Post by oopsorganist »

oh dear
it wasn't the last straw for me, I agree with it. (But then I do tend to believe everything I am told or read, even on the internet)

I wasn't joking about the benches either, I think that was interesting..... our church is Victorian and designed with benches but imagine if they were not there. Lots of babies and toddlers would avoid head injuries. Churches could be used for other things and not just heated up occasionally.....and so on. How do we become the Body of Christ while sitting in neat rows usually a safe distance from each other doing that personal thing in the Mass which the article mentions. How do we relate to each other and the action of the Mass. Cathedrals didn't have benches, the unwashed stood and the sick and frail sat around the sides....... so I am told. It has a link with other cultures too, twould take too long to have to think about it, but somewhere in the thoughts people have about how we should could might offer people from other cultures something with which they might identify or feel at home with or feel recognised by, but in the end that might just be a smile and a warm welcome not a music thing, and round we go again, same debate.

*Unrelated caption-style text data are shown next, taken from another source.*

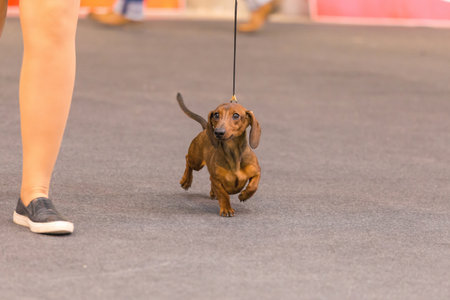 22th INTERNATIONAL DOG SHOW GIRONA March 17, 2018,Spain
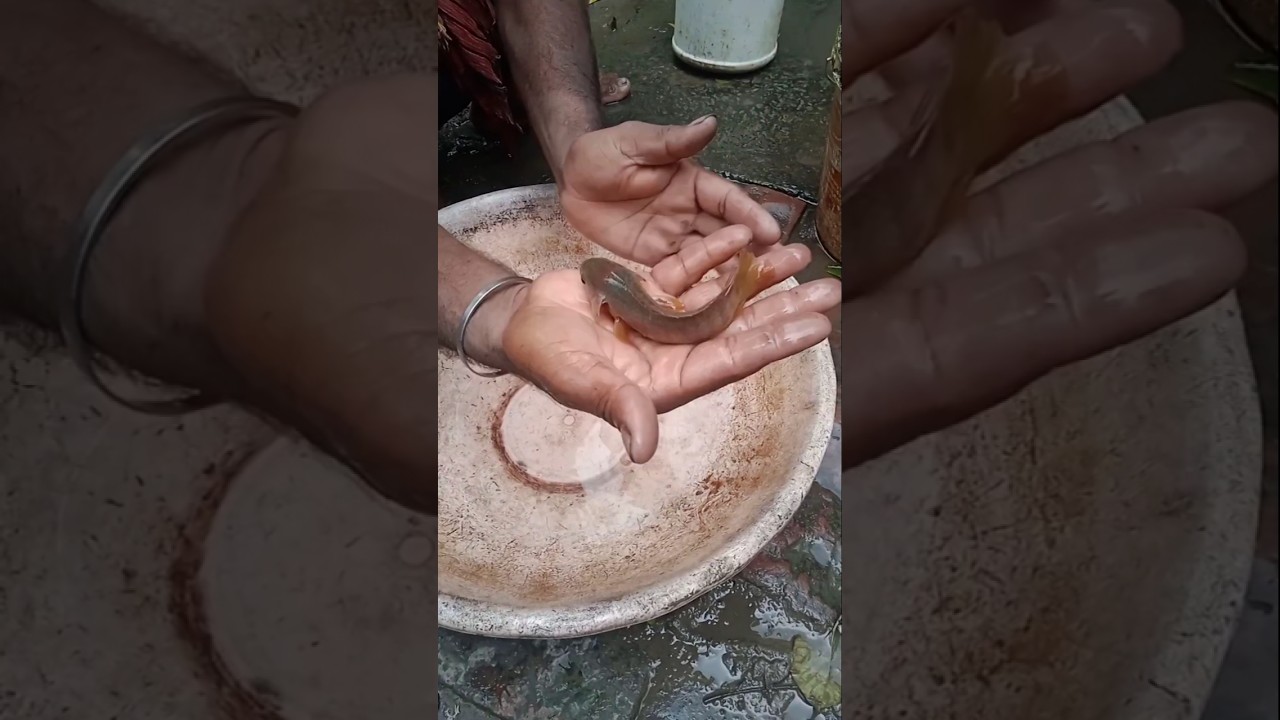 মাছ কোই 🐟🎣 #মাছ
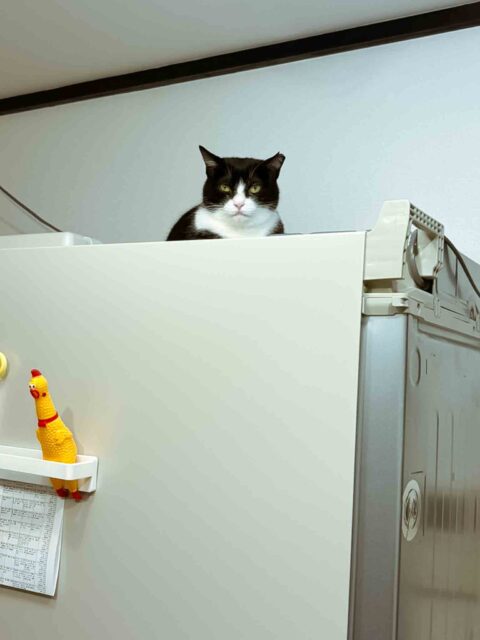 4匹の🐱ちゃん達♡ – 摂津市 | ペットシッター・散歩代行ならオレンジ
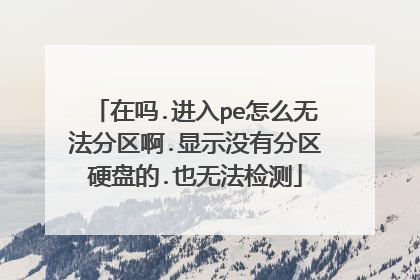 在吗.进入pe怎么无法分区啊.显示没有分区硬盘的.也无法检测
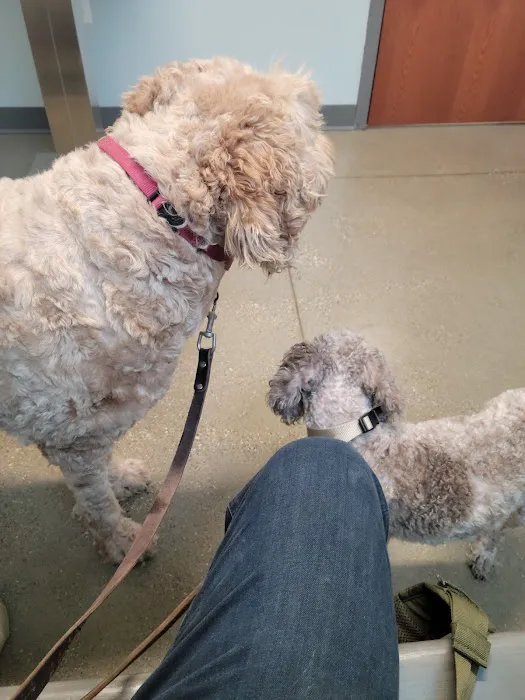 Tremont Animal Clinic Picture 9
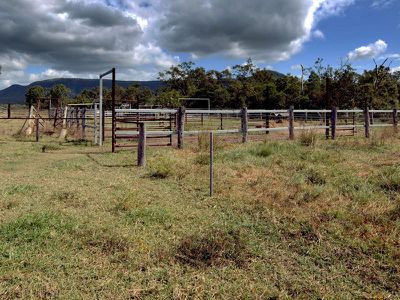 125 Flaggy Road, Cooktown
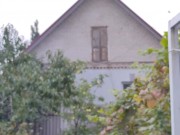 It seems that this year the watering hose will no longer be needed. 8/16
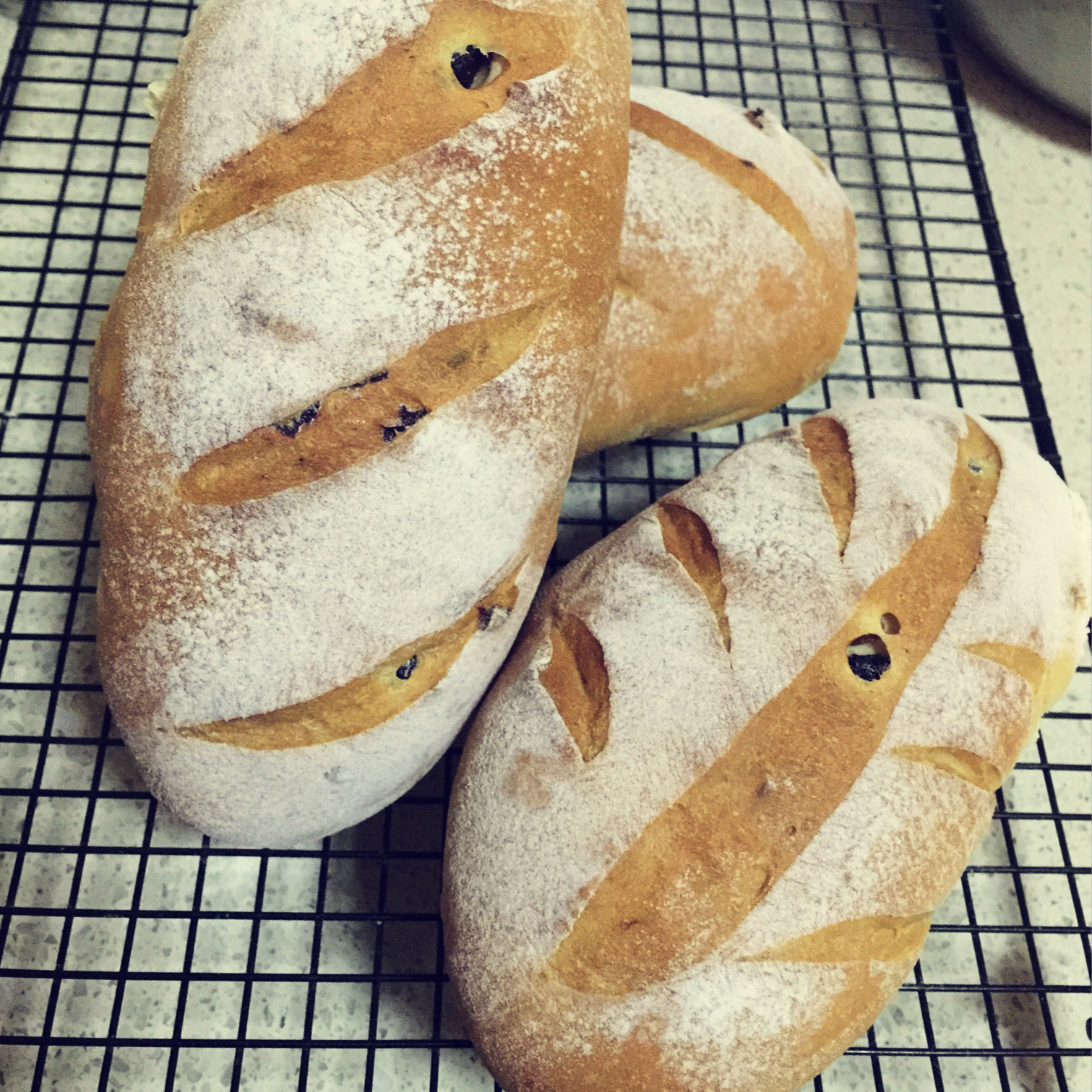 一次发酵酒酿干果软欧包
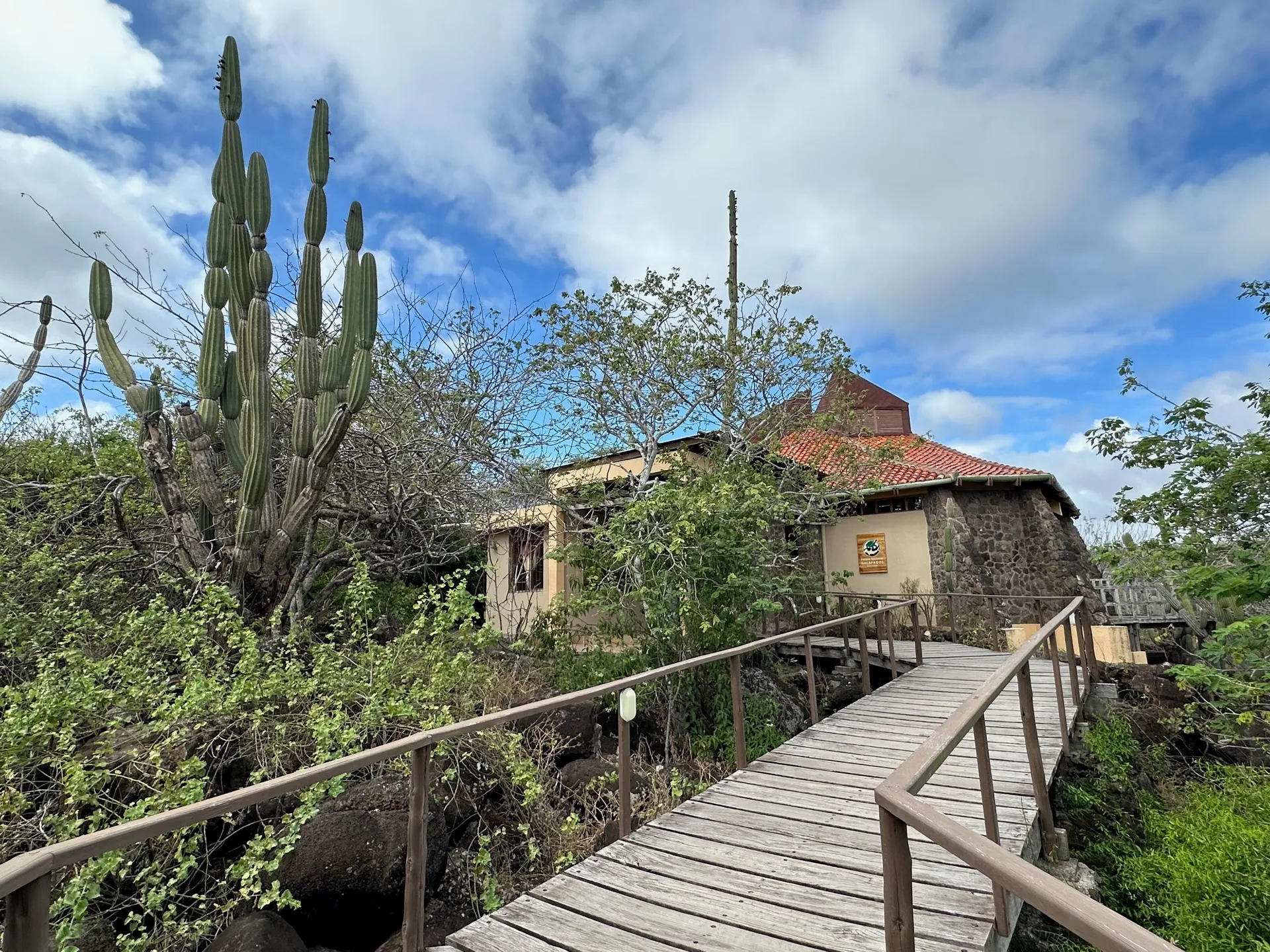 A wooden boardwalk trail winding between candelabra cacti and lava rock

It has got all a bit stuck with Doc musing about having Jamaicans in his choir...... but he would not feel compelled to provide Jamaican music.... smiling at the idea of Doc suddenly doing rap for the Gloria...... off thread..... but also dancing.... now where is this going? Singing with a Gospel group this week was so great, but they were compelled to dance, it is an integral part of the culture and style.....watching children sing heartily and hearing a great noise, we don't really know so much about other cultures and inclusion, there's a long way to go....what do we offer, folkie style modern stuff from our nostalgia days (think age here) and Victorain sentimental grandeur (which is fine and goes well with the benches, the workers in their place) and the odd bit bit pilfered from another culture and Westernised, to people with a richer far richer and very different musical heritage and Polish people with a rich traditional Latin? liking, or not, do they actually hate that and want to sing How Lovely on the Mountains with us trying to learn English so they can cope with this new and frightening experience of migration... ... can we draw the circle wider, do we need to and why?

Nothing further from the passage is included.